The lifetime risk of breast cancer for women carrying BRCA1 mutations is in the range of 47% to 66%,
whereas for BRCA2 mutations, it is in the range of 40% to 57%. In addition, the risk of other tumors including
ovarian, fallopian, and pancreatic cancer is also increased. Detection of BRCA1 and BRCA2 mutations is,
therefore, important for cancer prevention and risk reduction.
The Clinical Molecular Diagnostics. Laboratory: Rules and Regulations
Laboratories in the United States that perform molecular diagnostic testing are categorized as high-
complexity laboratories under the Clinical Laboratory Improvement Amendments of 1988 (CLIA). The CLIA
program sets the minimum administrative and technical standards that must be met in order to ensure quality
laboratory testing. Most laboratories in the United States that perform clinical testing in humans are regulated
under CLIA. CLIA-certified laboratories must be accredited by professional organizations such as the Joint
Commission, the College of American Pathologists, or another agency officially approved by the Centers for
Medicare & Medicaid Services (CMS), and must comply with CLIA standards and guidelines for quality
assurance. Although the regulation of laboratory services is in the U.S. Food and Drug Administration’s (FDA)

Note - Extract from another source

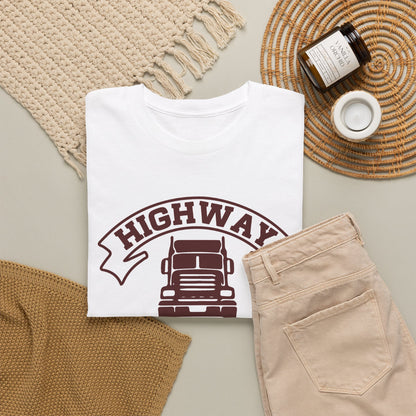 Highway Heavy Trucks T-Shirt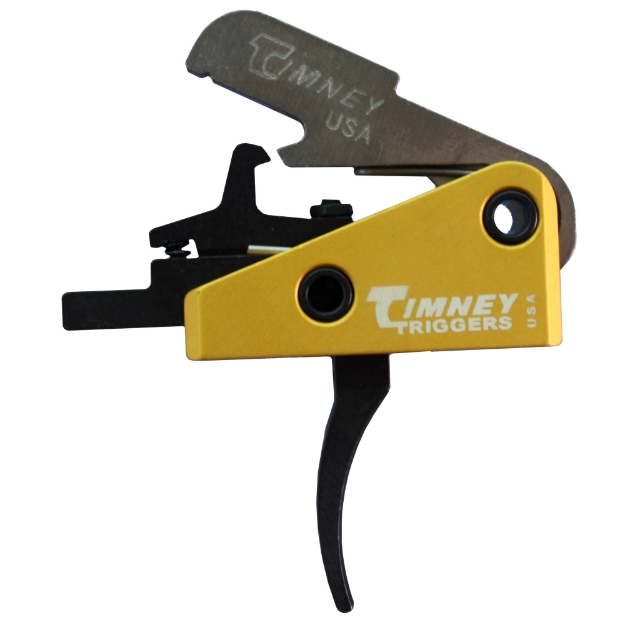 Picture of Timney Triggers Trigger - Solid - 4 Lbs - Fits AR-15 - Black Finish 668S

jurisdiction, the FDA has historically exercised enforcement discretion. Therefore, FDA approval is not
currently required for clinical implementation of molecular tests as long as other regulations are met.
Specimen Requirements for Molecular Diagnostics
Samples typically received for molecular oncology testing include blood, bone marrow aspirates and
biopsies, fluids, organ-specific fresh tissues in saline or tissue culture media such as Roswell Park Memorial
Institute (RPMI), FFPE tissues, and cytology cell blocks. Molecular tests can be ordered electronically or
through written requisition forms, but never through verbal requests only.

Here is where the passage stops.